- **Problem details**
Leave every picture out and print exactly the lines that run from the one containing "Christmas Truck Its" to the end of the listing.

- **Raw data**
■ ■ ■

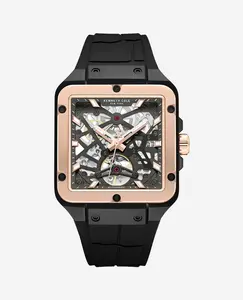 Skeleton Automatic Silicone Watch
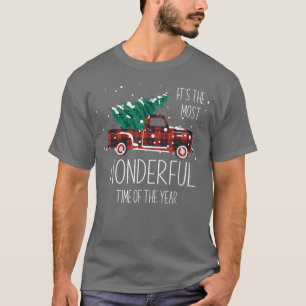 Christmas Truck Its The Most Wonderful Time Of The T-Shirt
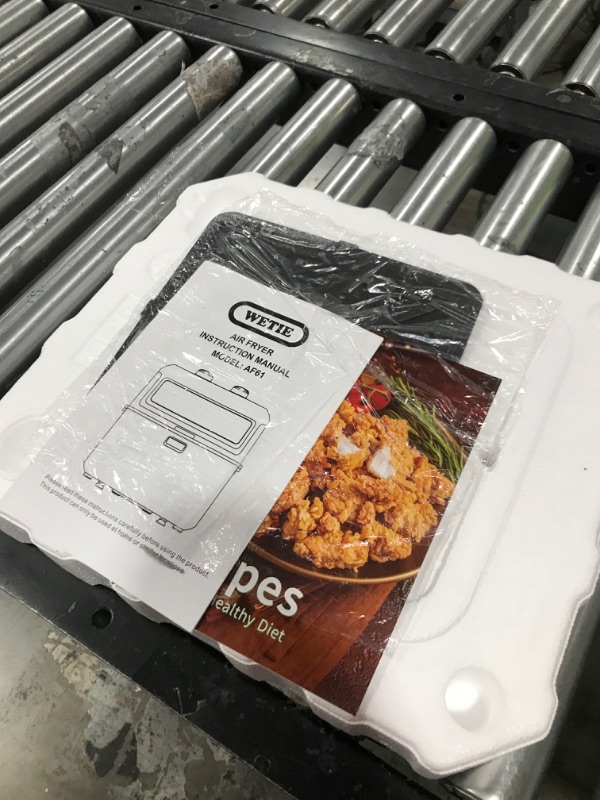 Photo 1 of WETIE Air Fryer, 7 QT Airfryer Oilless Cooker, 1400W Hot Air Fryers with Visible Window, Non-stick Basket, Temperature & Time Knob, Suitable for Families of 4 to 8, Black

■ ■ ■

- **Reply to the exercise**
 Christmas Truck Its The Most Wonderful Time Of The T-Shirt
 Photo 1 of WETIE Air Fryer, 7 QT Airfryer Oilless Cooker, 1400W Hot Air Fryers with Visible Window, Non-stick Basket, Temperature & Time Knob, Suitable for Families of 4 to 8, Black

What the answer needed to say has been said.